Baltimore is rarely a city that makes it onto the “Top 10 Sweetest Places In The World” sort of lists. To be honest, this isn’t surprising. I just spent two days in the city visiting my grandfather, and I have to say that every time I go I am amazed out how extraordinarily uninteresting the city is.
According to city-data.com, Baltimore ranks as the 38th least safe city in the United States. This is remarkable for a city that’s less than an hour’s drive from the capital of the country. You wouldn’t believe this if you were in the downtown metropolitan area, but if you happen to be driving from said downtown area to Baltimore Washington International airport, you can either drive through what is essentially a ghetto, or you can take a two hour detour.
A Brief History
Baltimore is a very old city, which is confusing to me because the old east-coast cities like Boston, Philidelphia and New York have a habit of being very interesting places. Baltimore is not interesting. Though Baltimore was technically founded in 1706 as a place for trading tobacco, the city proper wasn’t really built until the mid 1720’s. As it was the largest port south of New York for a long time, it was a convenient place for sugar growers in the Caribbean to store produce that may or may not end up being shipped over to Europe.
Strategically, Baltimore was a moderately important place. The city’s fort, Fort McHenry, commands the Chesapeake bay, which juts into mainland Maryland and is a really great place for invading armies to sail through if they want to make landfall near D.C. Unfortunately, when Baltimore’s founders chose its location they were thinking more of finance than of strategy.While Fort McHenry was being unsuccessfully bombarded by the British during the war of 1812 and Francis Scott Key was scrawling out the patriotic poem that would later become our national anthem, Washington D.C. was literally on fire.

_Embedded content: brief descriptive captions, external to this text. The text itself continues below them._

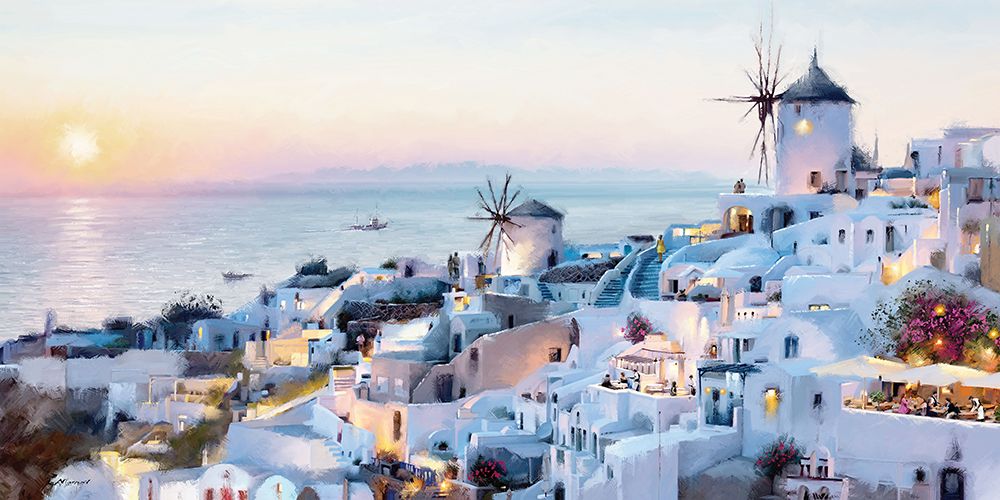 Santorini art print by Richard Macneil for $57.95 CAD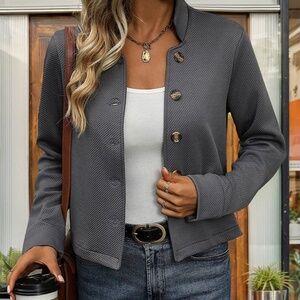 Dark Grey textured stand up collared jacket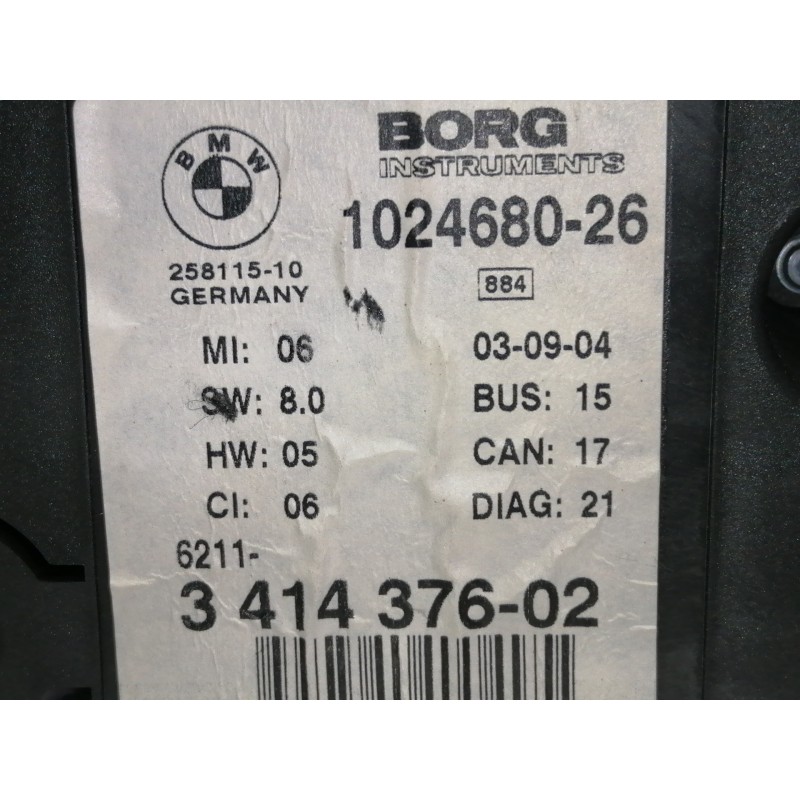 Recambio de cuadro instrumentos para bmw x3 (e83) 2.0d referencia OEM IAM 102468026  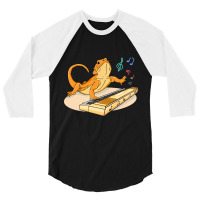 Bearded Dragon Music Piano Player Musician 3/4 Sleeve Shirt | Artistshot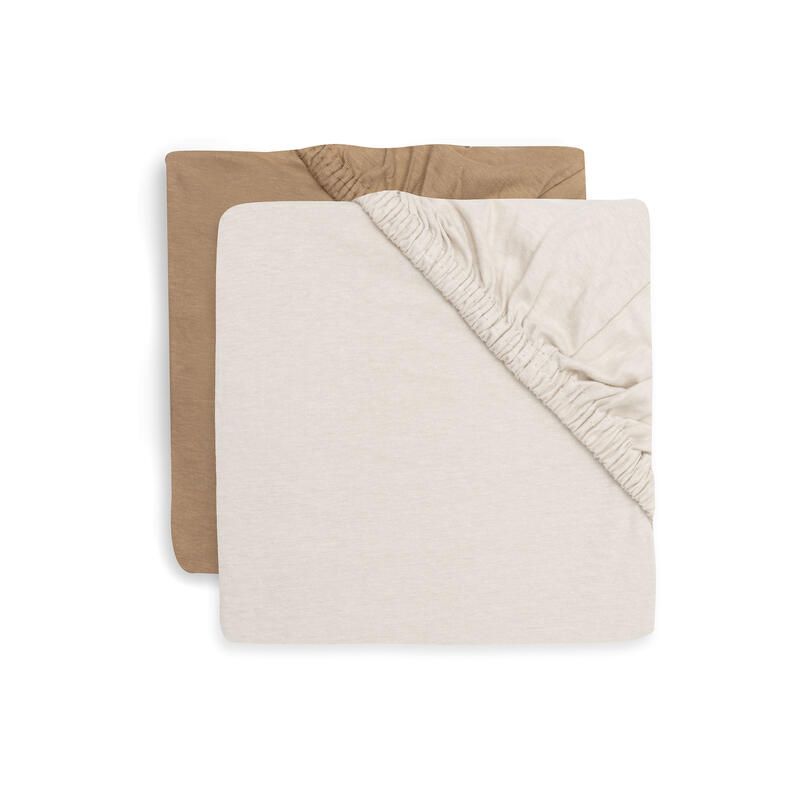 Lot de 2 draps-housses Jersey Basics 60x120cm Hazel/Oatmeal - jollein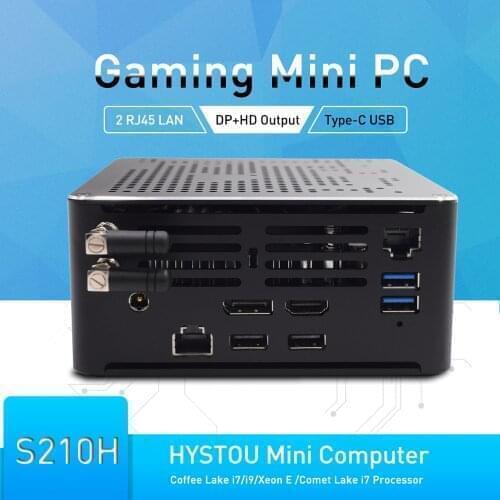Hystou 10th Gen Nuc Intel i7 10750H i9 9880H Xeon 2286M Mini PC 2 Lans Win10 2*DDR4 2*NVME Gaming Desktop Computer 4K DP HDMI2.0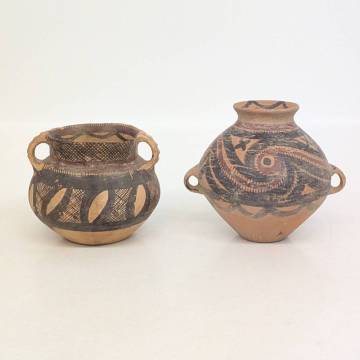 中国古玩 アンダーソン土器 彩陶双耳壺 2個セット 古代仰韶文化 H533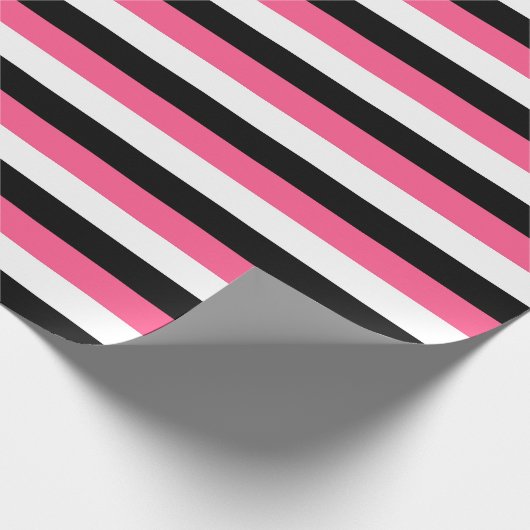 Warme rosa, weiße und schwarze Streifen Geschenkpapier (Ecke)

General Robert Ross of the British army had landed south of D.C. and Baltimore, marched north, burned a bunch of important buildings in D.C., then he went on to assault Baltimore. Not that it’s Baltimore’s fault that the nation’s capital was burned, but it’s pretty dumb that a great place like D.C. got burned and Baltimore didn’t.
Actually, in 1904, Baltimore did burn, in what is referred to as the “Great Fire of Baltimore.” To this day, historians aren’t sure whether it’s called “great” because of its scale or because everyone thought it was fantastic that Baltimore was being burned to the ground.
Modern Baltimore…
…sucks. My theory is that since Baltimore is no longer an overwhelmingly useful financial and strategic location, it’s been overshadowed by its more exciting neighbors Philidelphia and D.C. It’s not all bad, though. We had a nice dinner in a Baltimore neighborhood known as Ruxton. Ruxton used to be a separate town, but as Baltimore grew, it eventually consumed Ruxton. The dinner was fine, but I was a little perturbed to learn (from my grandfather — a reliable source) that there was no train station in Ruxton because its obscenely wealthy inhabitants (viz. Nichole Kidman) had decided it would bring too many troublemakers.
Not that I blame them. In fact, it’s quite the opposite: I was perturbed because I can’t imagine living somewhere where the mere addition of a train station could conceivably cause criminals and general miscreants to take over. So if you’re planning a family vacation in the near future, please don’t go to Baltimore. There are many wonderful and interesting places to visit in the United States; Baltimore just isn’t one of them.